**INSTRUCTIONS FOR THE TASK**
Exactly the lines from the one holding "Scooter, Direct Wholesale" through the end of the material below must be printed, nothing more, and the pictures must be dropped.

BEGIN

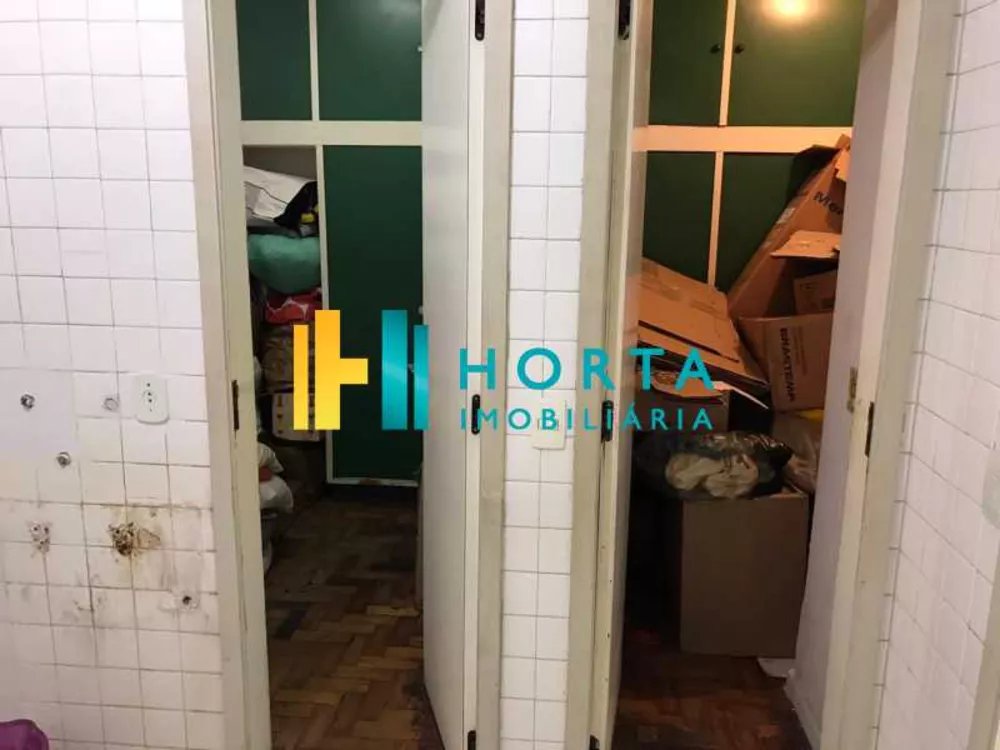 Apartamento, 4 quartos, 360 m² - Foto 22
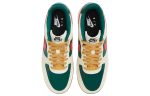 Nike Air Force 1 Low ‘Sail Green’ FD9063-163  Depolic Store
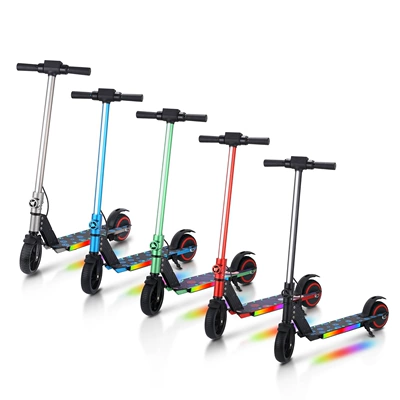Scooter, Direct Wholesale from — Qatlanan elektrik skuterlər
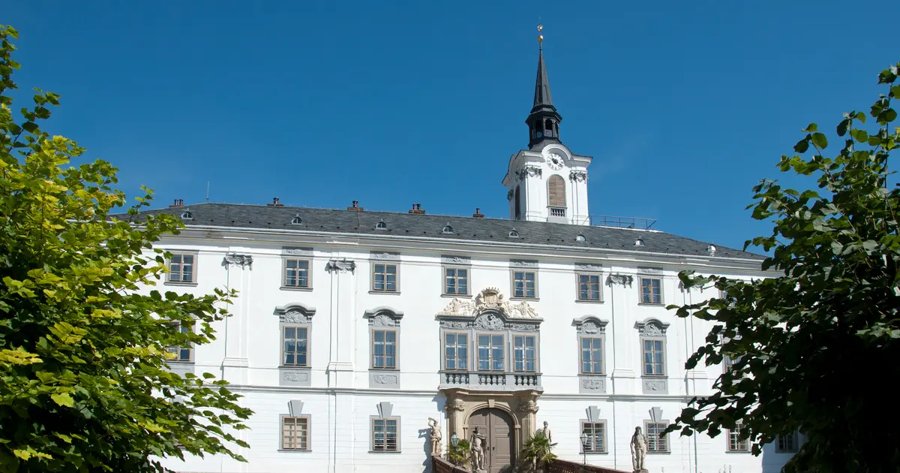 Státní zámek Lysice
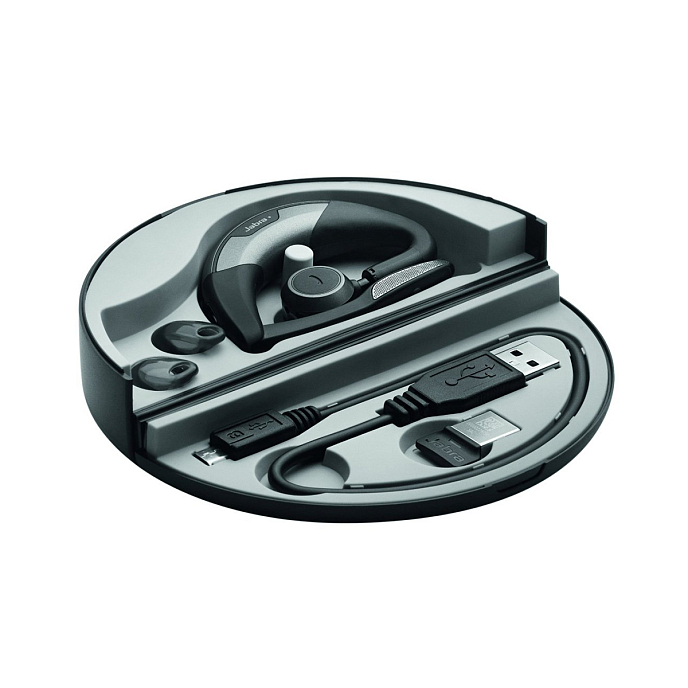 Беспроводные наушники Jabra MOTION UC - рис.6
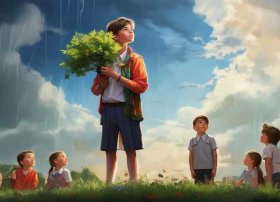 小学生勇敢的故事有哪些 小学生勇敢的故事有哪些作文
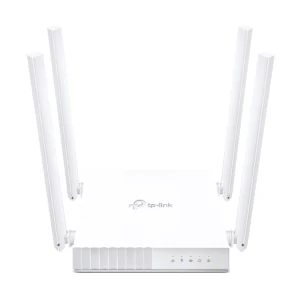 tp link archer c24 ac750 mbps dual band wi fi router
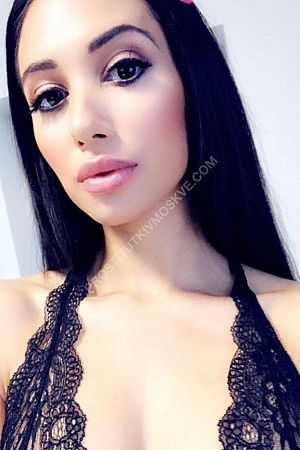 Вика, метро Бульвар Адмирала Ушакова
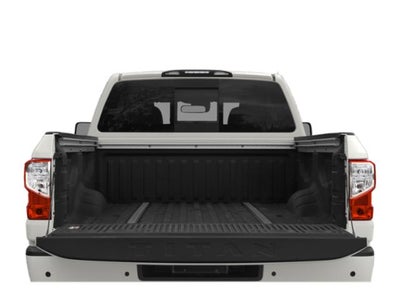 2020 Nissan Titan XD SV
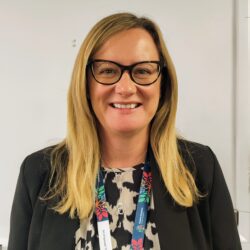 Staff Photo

END

**YOUR SOLUTION**
Scooter, Direct Wholesale from — Qatlanan elektrik skuterlər
 Státní zámek Lysice
 Беспроводные наушники Jabra MOTION UC - рис.6
 小学生勇敢的故事有哪些 小学生勇敢的故事有哪些作文
 tp link archer c24 ac750 mbps dual band wi fi router
 Вика, метро Бульвар Адмирала Ушакова
 2020 Nissan Titan XD SV
 Staff Photo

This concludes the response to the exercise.